Am I getting my first cold of 2018? Quite possibly. I only had two last year, and that is nigh-on miraculous for me, since I’m usually just counting the days between them. But whether or not I’m a picture of health (let’s face it – at the best of times, I’m not), here is a book, a link, and a blog post. Happy weekend!
1.) The blog post – I love, love, love Best Books of the Year blog posts. Don’t we all? I could link to any number of them, but here is the post from Juliana at The Blank Garden. I’ve chosen it because I also love book stats, and Juliana doesn’t skimp on those.
2.) The link – my friend Lorna sent a Guardian article to me, all about literature courses in Australia and how unprepared students are. It’s interesting, in that the author has (to my mind) lots of good points, but also demands that people read and act in a way she believes to be right. There’s a lot going on. It’s an interesting read.
3.) The book – I’ve bought it! Because I can buy books again, without restraint! (And, in fact, I had a book token I hadn’t used.) It’s Appointment in Arezzo by Alan Taylor, and falls into one of my very favourite categories of literature: memoirs about authors by people with a unique perspective. Taylor started by interviewing Muriel Spark, then became her friend, and this slim book tells the tale of it all.
I’ve finished work for Christmas (sorry to people who haven’t!) and I’m looking forward to a couple of weeks of reading and relaxing – or trying to, and then ending up going to a zillion carol concerts and the like. But Christmas is my favourite time of year – because I get to spend it with family, and realising afresh the enormity of what God did for the world, and food. Those three things aren’t necessarily in the correct order there, but they are all wonderful. As are the usual trio of book, blog post, and link in my Weekend Miscellany!

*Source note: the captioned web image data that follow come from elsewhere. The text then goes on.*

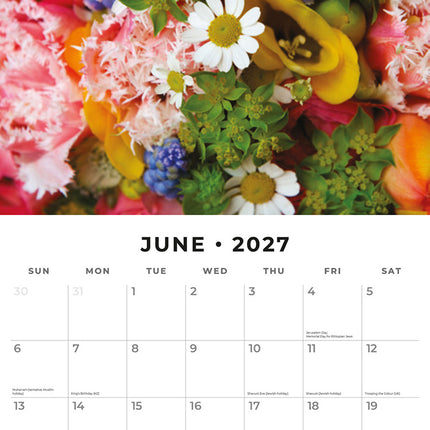 Floral Bouquet 2027 square wall calendar - monthly calendar spread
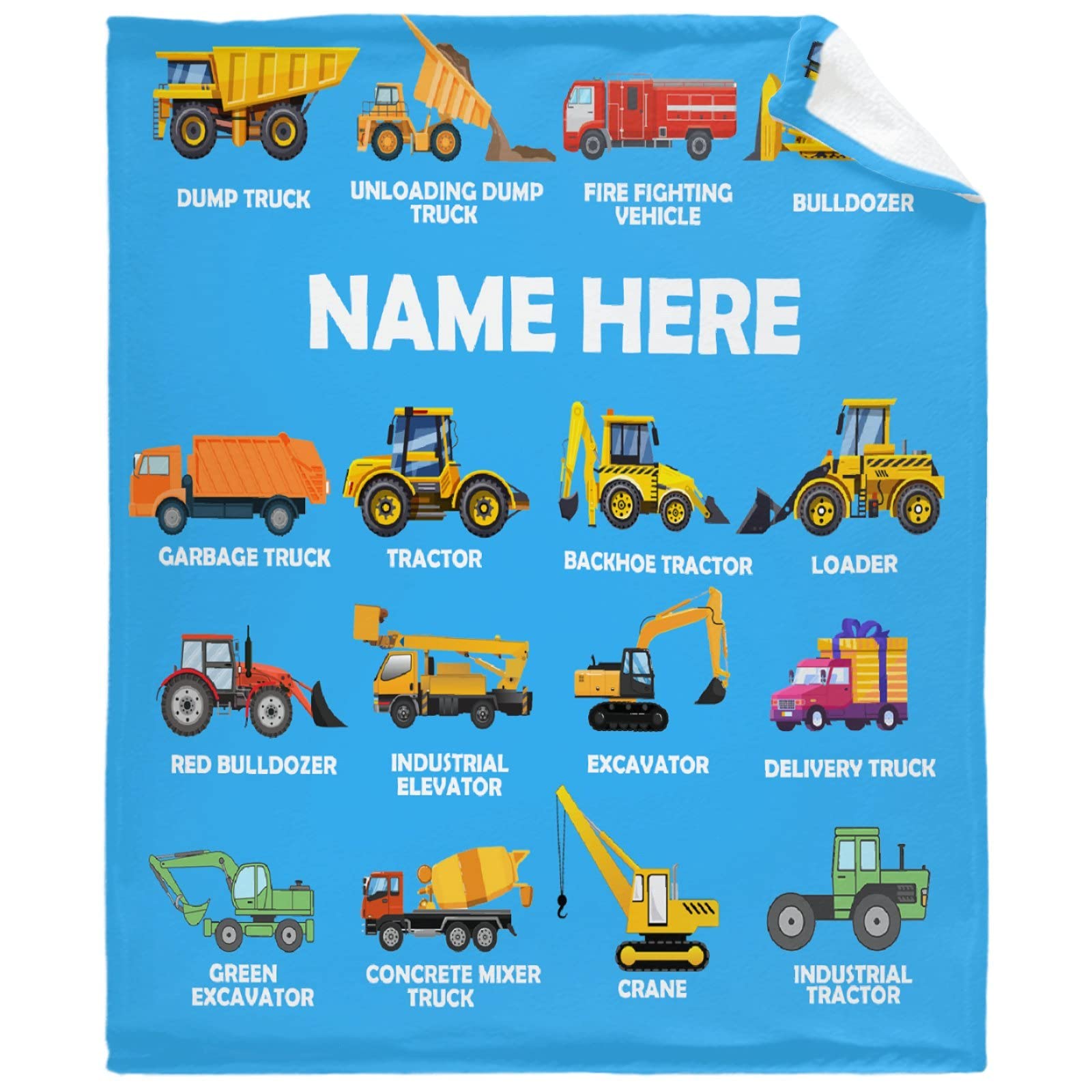 Custom Personalized Flannel Fleece Blanket with Dump Truck, Tonka Truck, Tractor, Firetruck & Garbage Truck Designs - 50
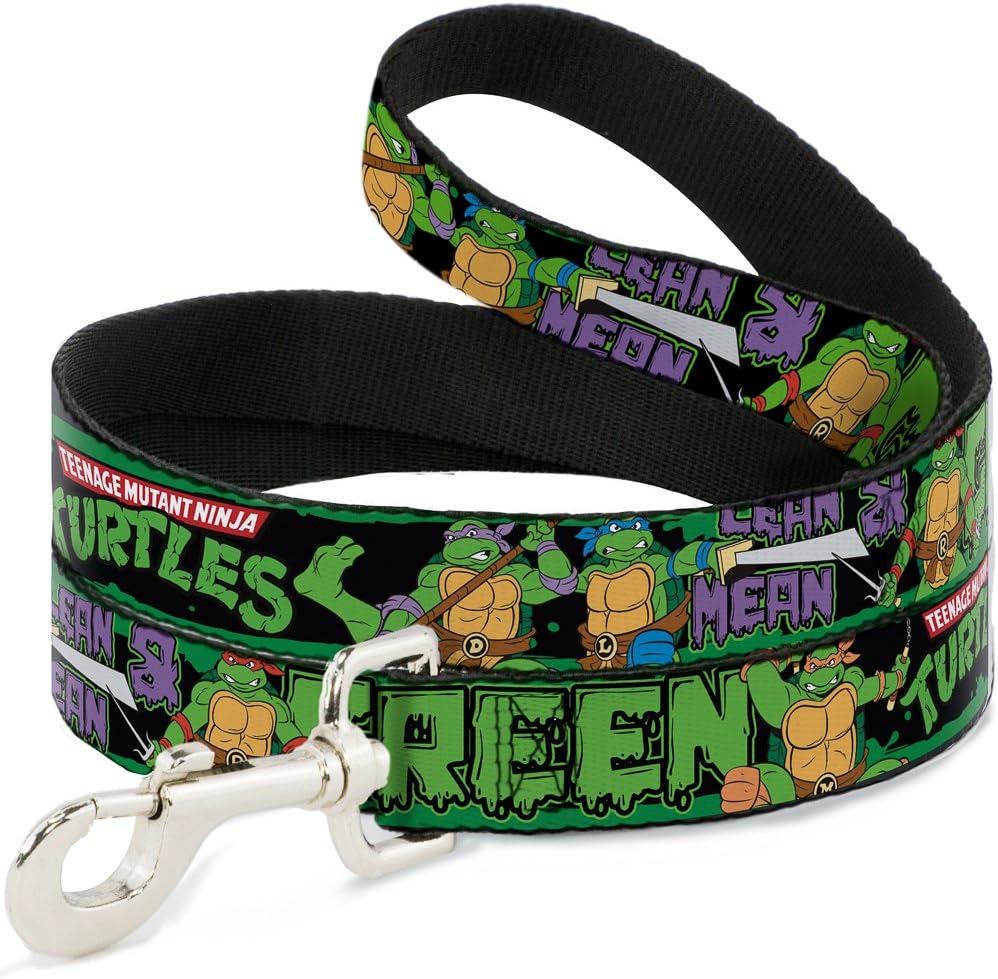 Dog Leash Ninja Turtles Logo Group Pose5 Lean Mean Green 6 Feet Long 1.5 Inch Wide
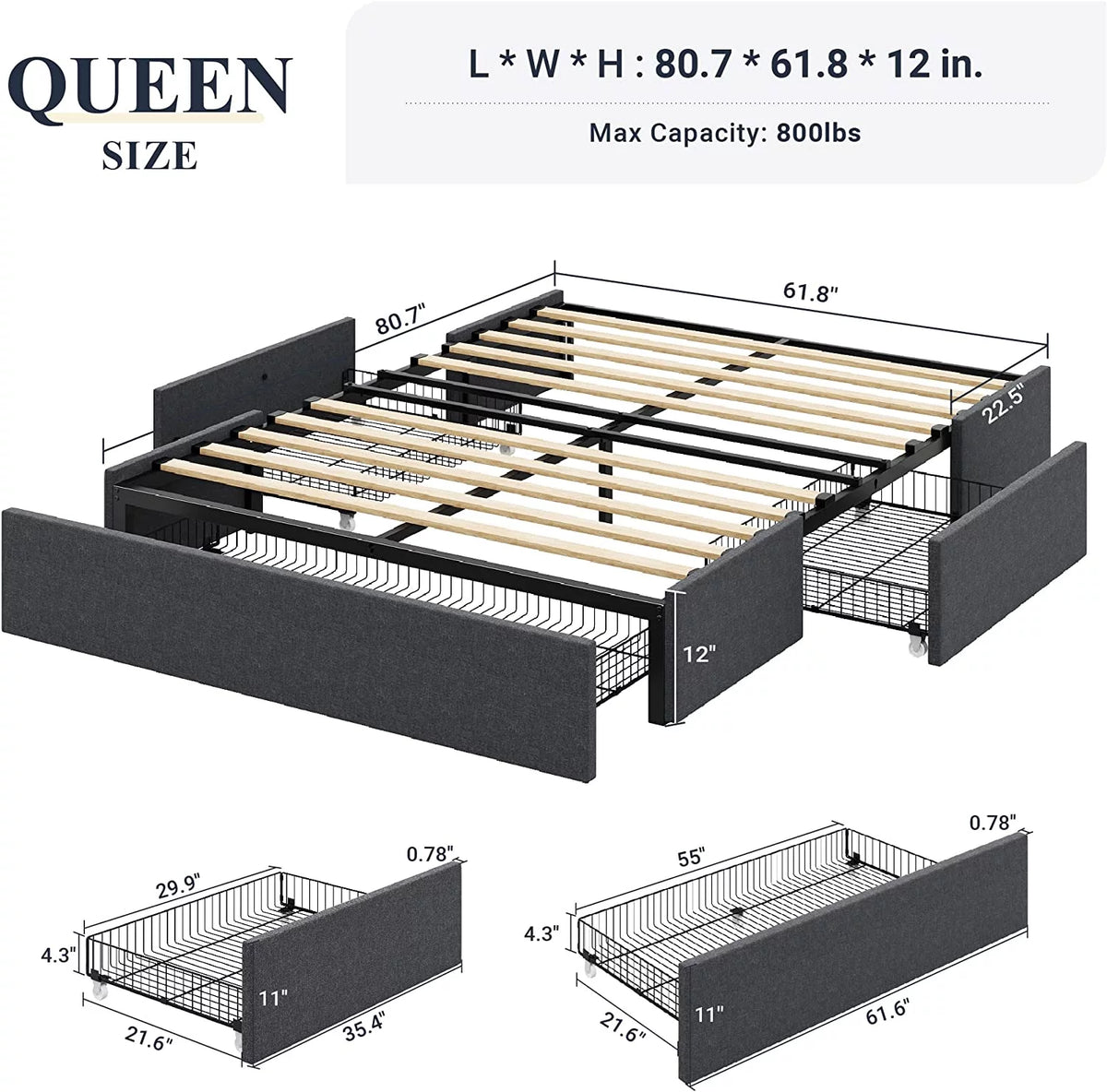 Queen Size Platform Bed Frame with 3 Storage Drawers V654073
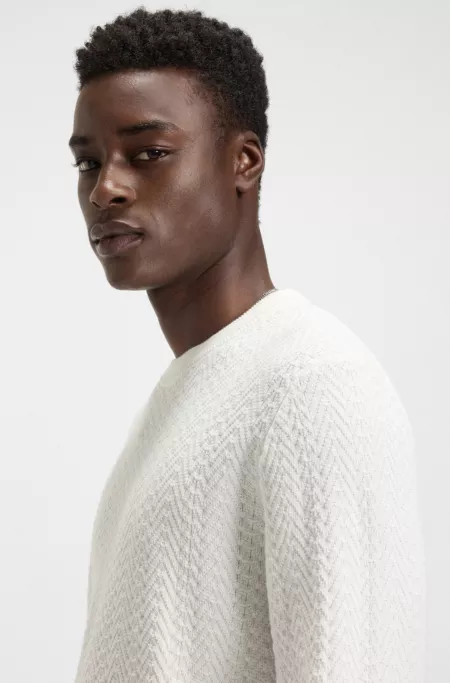 Cotton sweater with herringbone knit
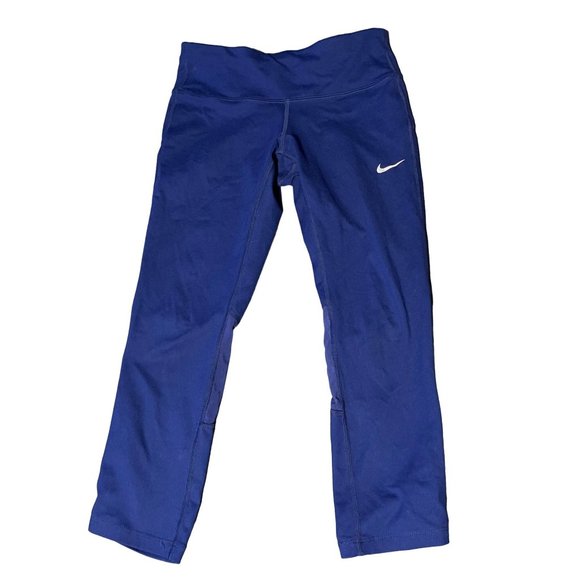 Nike Dri- Fit leggings size X Small royal blue cropped mesh patch Drawstring - Picture 1 of 8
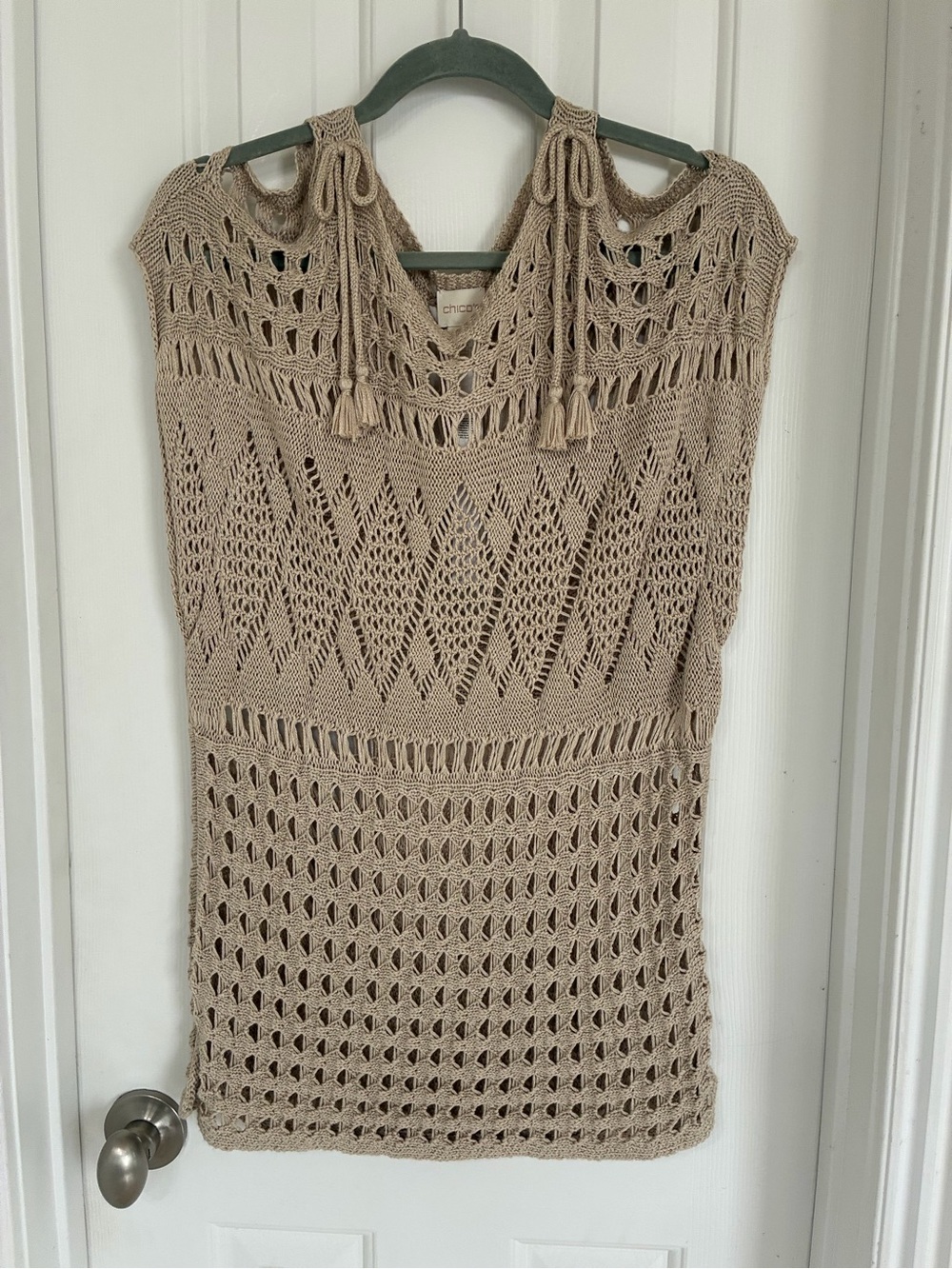 Chico's Taupe Crochet Swim Cover-Up with Tassel Tie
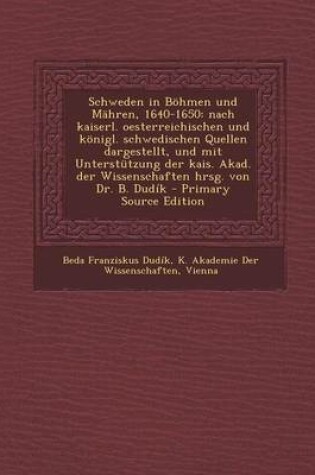 Cover of Schweden in Bohmen Und Mahren, 1640-1650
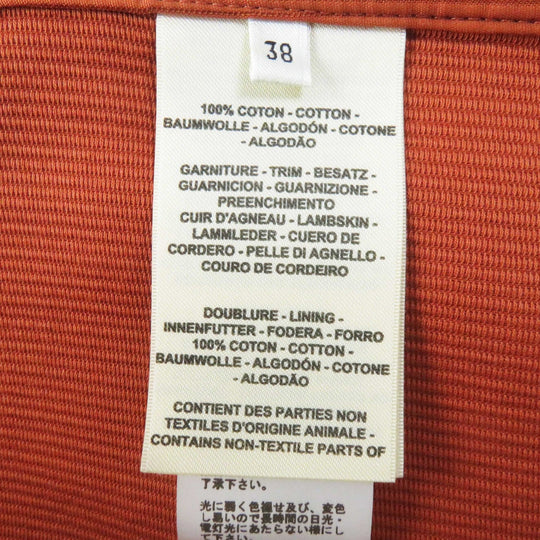 HERMES one piece 2E0527D6 Outer: 100% cotton, Lining: 100% cotton, Leather part: sheepskin terracotta Women 38 Used Authentic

1.) The link – I’m so proud of my brother Colin, who is now a crossword setter for The Times! And not just any crossword but The Listener crossword, the sort that is so fiendish that I don’t even understand the rules usually. His crossword is called ‘Jury’, and his pseudonym is ‘Twin’ – if you subscribe to The Times, you can see it here; if not, rush out to a newsagent and buy a copy.
2.) The blog post – Ali is planning a Muriel Spark year-long readalong in 2018. As with the Woolfalong, you can join in whenever you like. I’ve read lots (maybe most?) of Spark’s prolific output, but there are still a fair few on my shelves waiting for me.
3.) The book – I know nothing at all about Miss Jane by Brad Watson. But look at that coverrrr.
No braggies, but I’m spending my weekend in a castle. Five friends and I have booked one in Dorset, and I’ll give full reports when I’m back. I’m SUPER excited. But, don’t worry, I shan’t neglect you completely – you get a book, a link, and a blog post.
1.) The blog post – is a Shiny New Books round up of the books to buy for Christmas. They asked all their contributors to suggest the best book to give this festive season (including me). Find out what everybody chose!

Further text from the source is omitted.